Ever feel jet-lagged after daylight savings? March 9 is National Napping Day and it’s the perfect day to help you recuperate from the “spring forward.” Don’t doze off as I tell you this, I promise this won’t be a snooze fest! Napping is actually scientifically proven to be better for you than coffee or energy drinks. So now you can feel less guilty about enjoying this not so guilty pleasure. You may have lost that extra hour in the day but you can feel like you caught up on some sleep by celebrating the day in style.
History of National Napping Day
National Napping Day was created in 1999 by a Boston University professor and his wife. William Anthony Ph.D. and his wife Camille Anthony created this holiday to spread awareness on the importance of getting enough sleep and its benefits. The holiday was meant to help make up for the amount of sleep lost when the hour changes. The date was chosen because studies have shown that people are already at their most tired and sleep deprived after daylight savings changes.
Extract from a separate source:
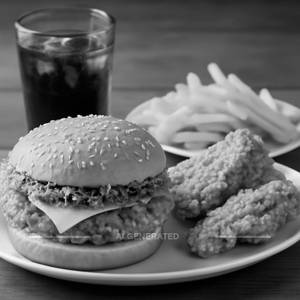 Zinger Pro Burger &Chicken Meal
The change of the hour really makes a difference, but National Napping Day can make you feel like there was no change at all.
However, even though the holiday wasn’t created until 1999, the Spanish already had the tradition of taking an afternoon “siesta.” That’s good news for Spain, since daylight savings won’t affect the routine of the people there too much. The Ancient Romans were known to take midday naps as well. With the hustle and bustle of modern life midday naps seem more like a thing from the past to most people. Naps are seen as luxuries now, a symbol of extra time most of us can’t afford. But back then naps were seen as a necessity and were sometimes used for medicinal purposes and even religious practices. Even though National Napping Day was created 21 years ago, it still doesn’t have actual recognition as an official national holiday. Although National Napping Day isn’t technically a real holiday, who doesn’t love a reason to nap?